These sorts of core-density increases are how I win cloud debates in an org. * Identify the worklo...

stego-tech • yesterday at 7:22 PM • 16 replies • view on HN

These sorts of core-density increases are how I win cloud debates in an org.

* Identify the workloads that haven't scaled in a year. Your ERPs, your HRIS, your dev/stage/test environments, DBs, Microsoft estate, core infrastructure, etc. (EDIT, from zbentley: also identify any cross-system processing where data will transfer from the cloud back to your private estate to be excluded, so you don't get murdered with egress charges)

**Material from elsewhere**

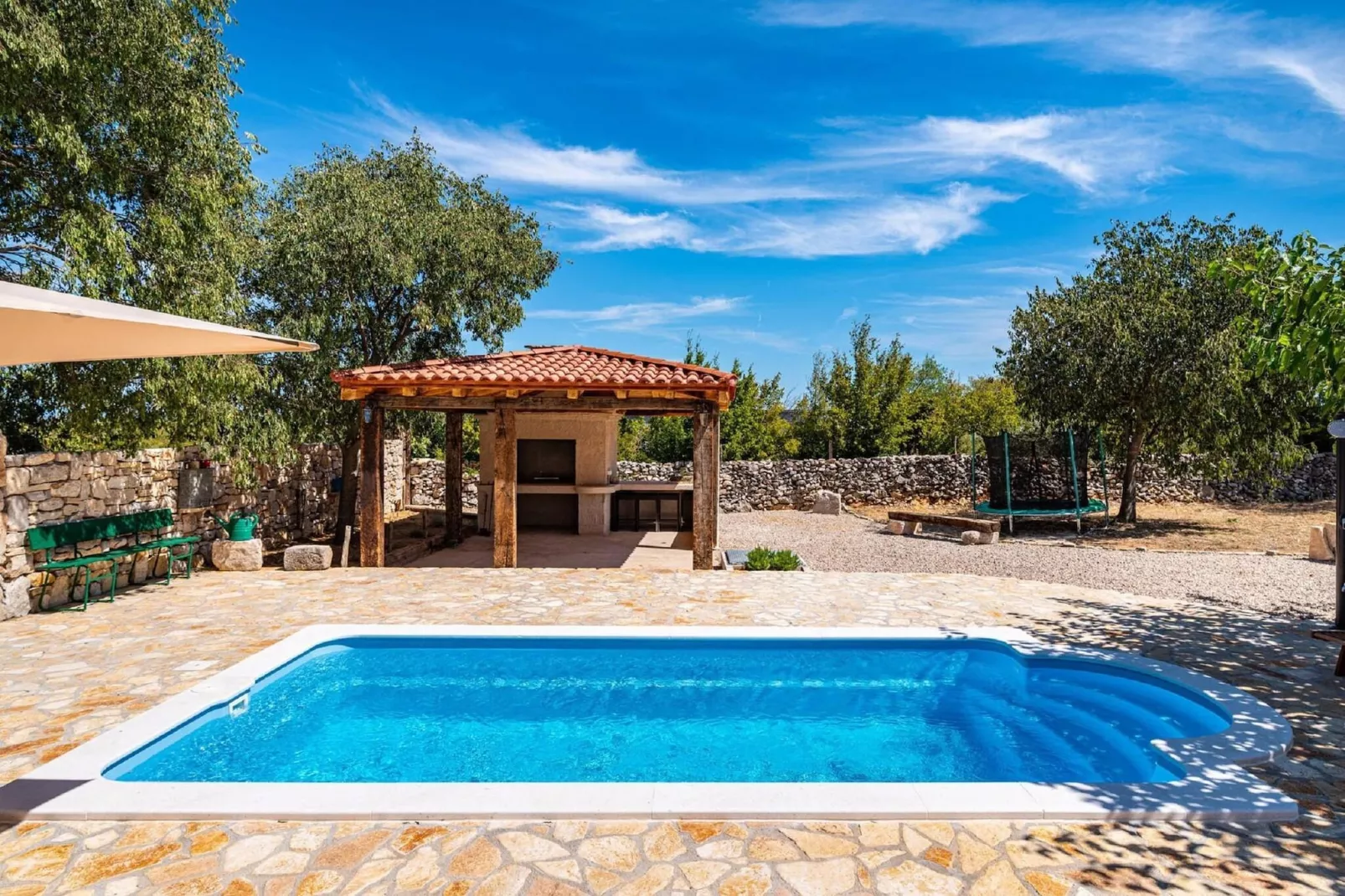 Authentic Villa Malou-Zwembad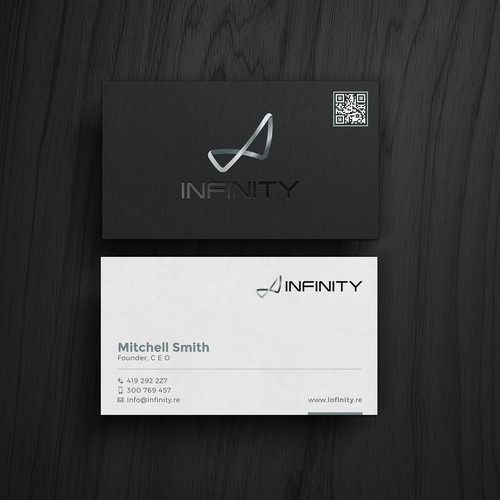 Design something different Business Cards Diseño de kaylee CK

* Run the cost analysis of reserved instances in AWS/Azure/GCP for those workloads over three years

* Do the same for one of these high-core "pizza boxes", but amortized over seven years

* Realize the savings to be had moving "fixed infra" back on-premises or into a colo versus sticking with a public cloud provider

Seriously, what took a full rack or two of 2U dual-socket servers just a decade ago can be replaced with three 2U boxes with full HA/clustering. It's insane.

Back in the late '10s, I made a case to my org at the time that a global hypervisor hardware refresh and accompanying VMware licenses would have an ROI of 2.5yrs versus comparable AWS infrastructure, even assuming a 50% YoY rate of license inflation (this was pre-Broadcom; nowadays, I'd be eyeballing Nutanix, Virtuozzo, Apache Cloudstack, or yes, even Proxmox, assuming we weren't already a Microsoft shop w/ Hyper-V) - and give us an additional 20% headroom to boot. The only thing giving me pause on that argument today is the current RAM/NAND shortage, but even that's (hopefully) temporary - and doesn't hurt the orgs who built around a longer timeline with the option for an additional support runway (like the three-year extended support contracts available through VARs).

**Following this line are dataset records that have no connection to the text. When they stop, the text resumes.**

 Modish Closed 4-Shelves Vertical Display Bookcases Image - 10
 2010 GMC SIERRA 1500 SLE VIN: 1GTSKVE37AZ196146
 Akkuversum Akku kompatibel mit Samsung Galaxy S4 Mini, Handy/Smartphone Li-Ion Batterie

If we can't bill a customer for it, and it's not scaling regularly, then it shouldn't be in the public cloud. That's my take, anyway. It sucks the wind from the sails of folks gung-ho on the "fringe benefits" of public cloud spend (box seats, junkets, conference tickets, etc...), but the finance teams tend to love such clear numbers.

Replies

carefree-bob • yesterday at 8:33 PM

The main cost with on-prem is not the price of the gear but the price of acquiring talent to manage the gear. Most companies simply don't have the skillset internally to properly manage these servers, or even the internal talent to know whether they are hiring a good infrastructure engineer or not during the interview process.

For those that do, your scaling example works against you. If today you can merge three services into one, then why do you need full time infrastructure staff to manage so few servers? And remember, you want 24/7 monitoring, replication for disaster recovery, etc. Most businesses do not have IT infrastructure as a core skill or differentiator, and so they want to farm it out.

➕ show 11 replies

zbentley • yesterday at 7:33 PM

That’s definitely the right call in some cases. But as soon as there’s any high-interconnect-rate system that has to be in cloud (appliances with locked in cloud billing contracts, compute that does need to elastically scale and talks to your DB’s pizza box, edge/CDN/cache services with lots of fallthrough to sources of truth on-prem), the cloud bandwidth costs start to kill you.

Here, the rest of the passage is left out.